City Council again OKs controversial South Los Angeles shopping center
The City Council gave final approval Wednesday to one of the city’s most contentious development projects — a long-delayed shopping center at Slauson and Central avenues in South Los Angeles.
The action marked the third time the council had approved the heavily subsidized project, mostly recently in July, but in both previous instances the city had to retreat in the face of legal challenges from Stanley Kramer, a scrap-metal entrepreneur who is a former partial owner of the property.
Kramer’s representatives vowed Wednesday to challenge the project anew, alleging that it was rife with fraud, corruption and procedural irregularities.

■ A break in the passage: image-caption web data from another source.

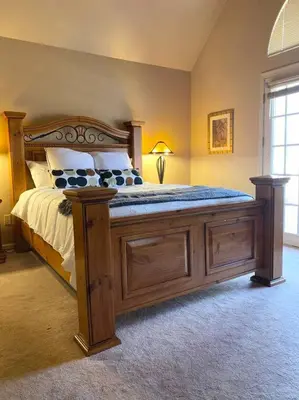 a bedroom with a large bed with a wooden frame at NEW Contemporary Chalet 5 Bed/3 Bath in Split Rock in Lake Harmony
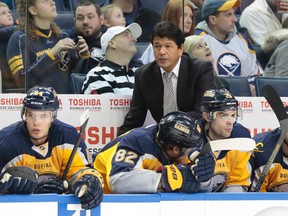 Buffalo Sabres head coach Ted Nolan watches play from behind the bench during the first period against the Calgary Flames at First Niagara Center on Dec 14, 2013 in Buffalo, NY, USA. (Kevin Hoffman/USA TODAY Sports)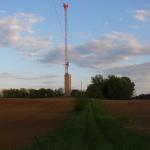 Looking south at the tower from the gate at the driveway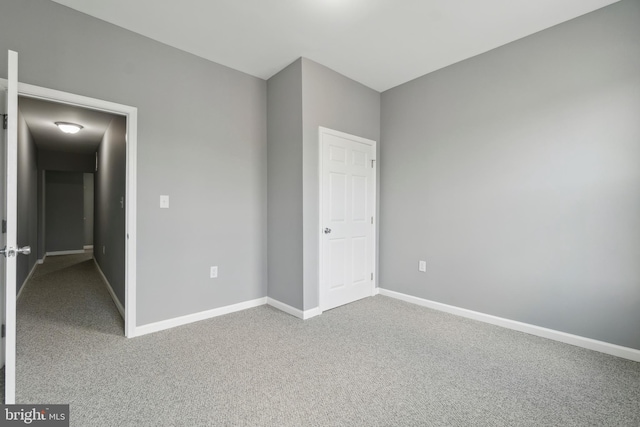 unfurnished bedroom with baseboards and carpet flooring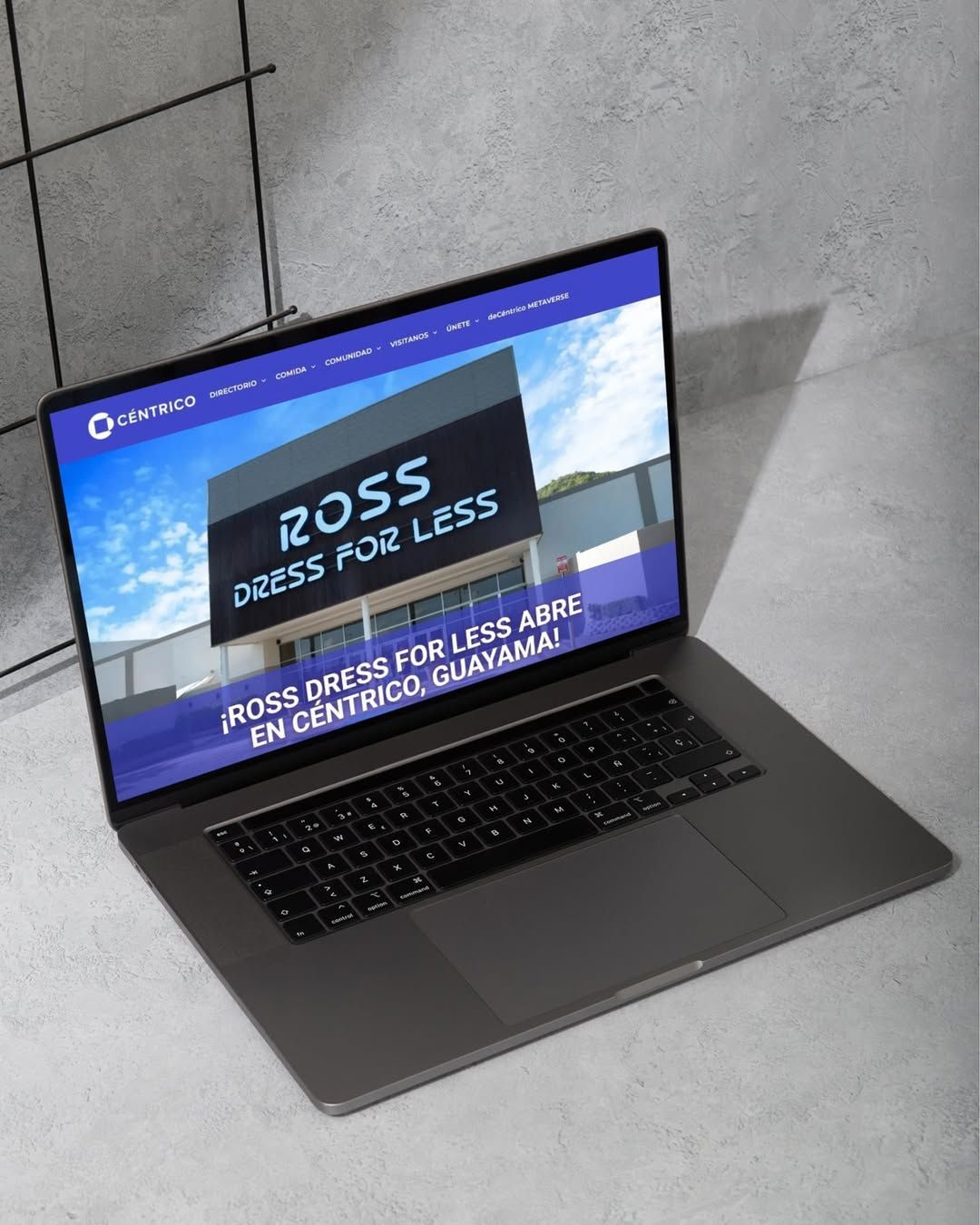 Laptop displaying Ross Dress for Less website; against a light gray, textured wall.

The city’s Community Redevelopment Agency seized the site of Kramer’s former scrap-metal recycling facility to build the shopping center.
City officials have defended the project, which involves some $7 million in public subsidies, as a job-creating boost for a blighted industrial strip, and have denied any irregularities. The 6.5-acre project, conceived in the aftermath of the 1992 riots, is to include a supermarket, drugstore and other retail spaces.

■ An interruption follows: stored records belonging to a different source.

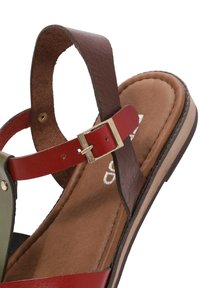 Leather sandal with red, brown, and green straps. Features metallic buckle, cushioned tan footbed, and a flat brown sole.
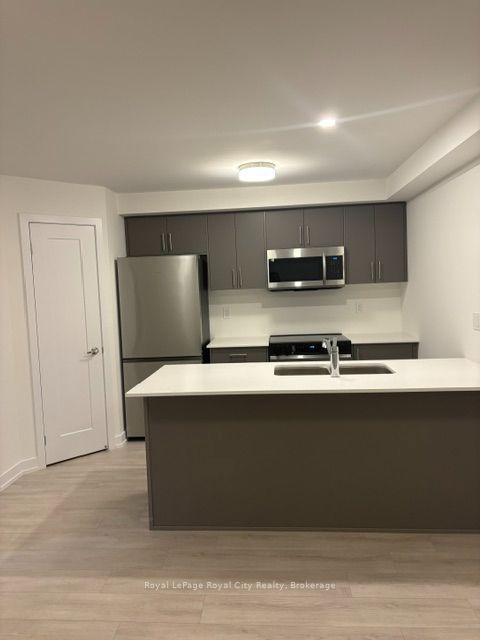 Photo 2 of 42 Lowes Road W, Guelph, Clairfields/Hanlon Business Park — HOMEH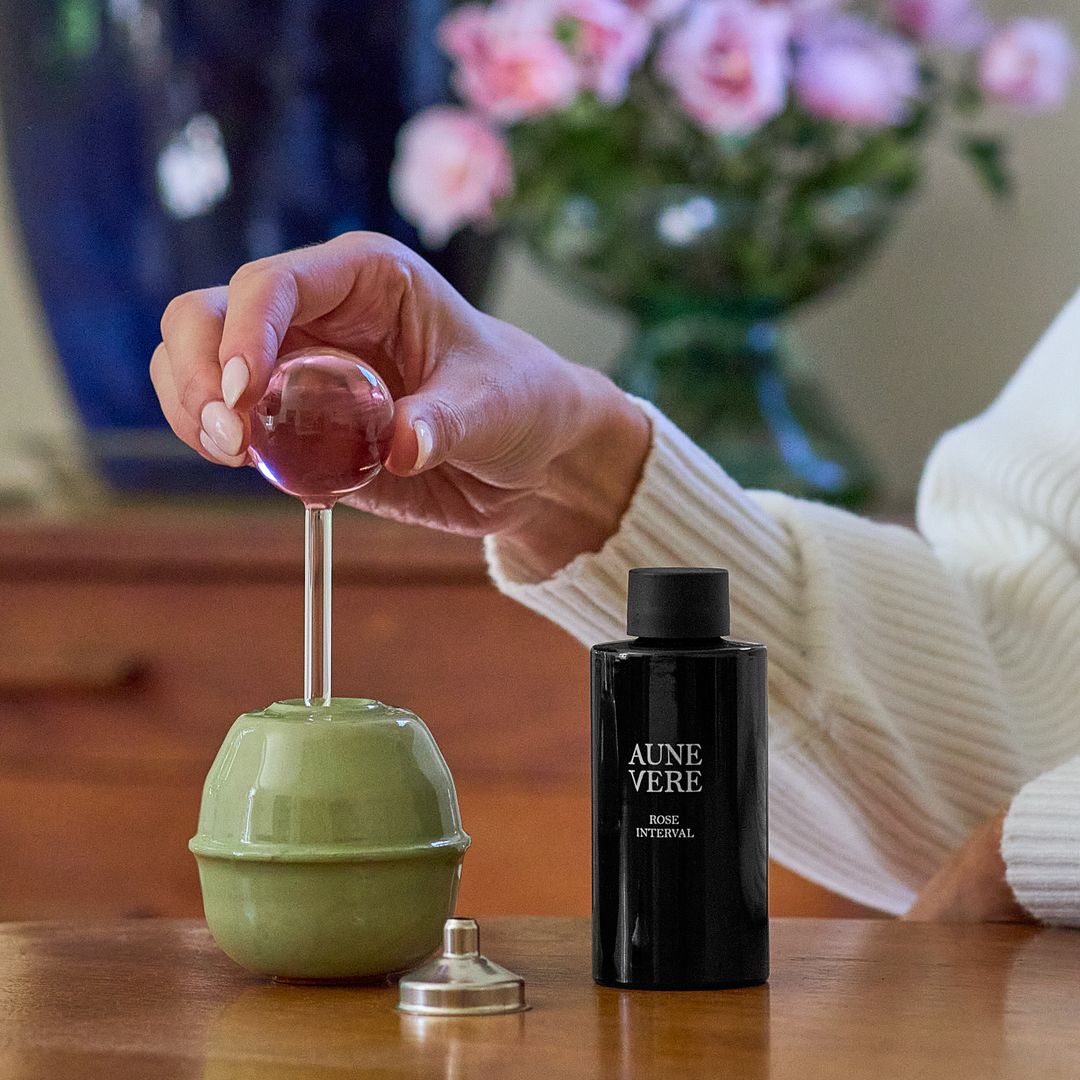 A hand lifts the pink glass applicator from the Rose Interval vessel, the 100 ml bottle standing beside it on a wooden table.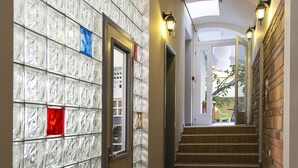 A hallway with a glass block wall, a staircase, and a door leading to an elevator. - Varad Inn Hostel and Cafe (Novi Sad)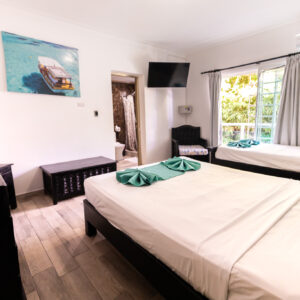 Habitación cama matrimonial y una cama sencilla con balcón y baño
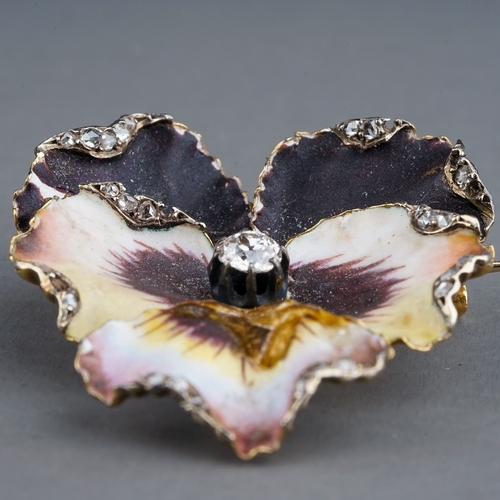 69 - A Victorian enamel and diamond pansy brooch, set with an old-cut diamond in polychrome enamel petals...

The new shopping complex could open by 2012, according to Regency Centers, a Florida-based company that is co-developing the site with Concerned Citizens of South Central Los Angeles, an L.A.-based nonprofit. Regency Centers says it plans to invest $15 million in the project and predicts a 10% annual return.
Concerned Citizens would receive a fee of $242,000, said Jenny Scalin, project manager for the city redevelopment agency.
The involvement of Concerned Citizens has heightened controversy since a judge found last year that the group had failed to construct a promised youth center for low-income families on a separate parcel it had purchased with a government grant. Instead, the city attorney’s office alleged, Concerned Citizens left the site “in a blighted state as a bare dirt lot” and sought to make a “windfall profit” through its sale. A Superior Court judge ruled that the group breached its contract with the city and awarded the city the property’s more than $5 million in market value.